> [WHAT IS REQUIRED]
Print the listing below only from the line that has "Tyčový vysavač 2v1" through the line that has "SMOKING-SHELTER-SHELTER-STORE-UK", exactly, and drop any picture.

> [SOURCE DATA]

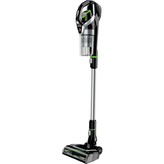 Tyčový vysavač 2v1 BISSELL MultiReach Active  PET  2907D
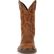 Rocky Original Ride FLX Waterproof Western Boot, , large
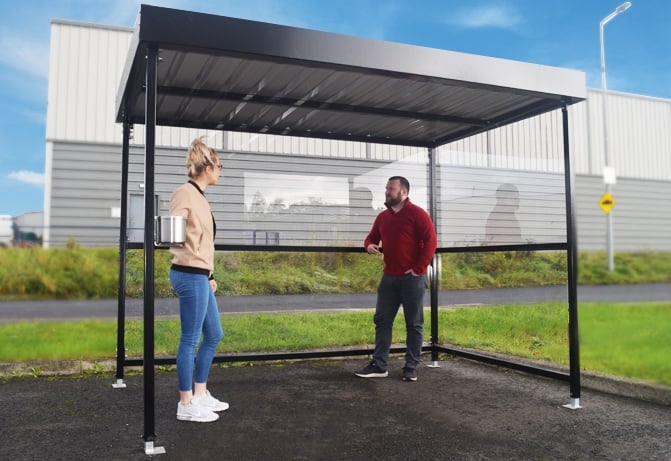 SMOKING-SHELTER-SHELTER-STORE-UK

==

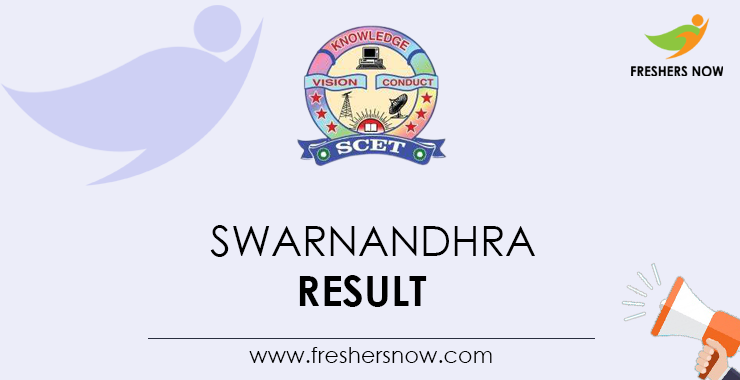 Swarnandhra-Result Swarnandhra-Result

> [YOUR RESPONSE]
 Tyčový vysavač 2v1 BISSELL MultiReach Active  PET  2907D
 Rocky Original Ride FLX Waterproof Western Boot, , large
 SMOKING-SHELTER-SHELTER-STORE-UK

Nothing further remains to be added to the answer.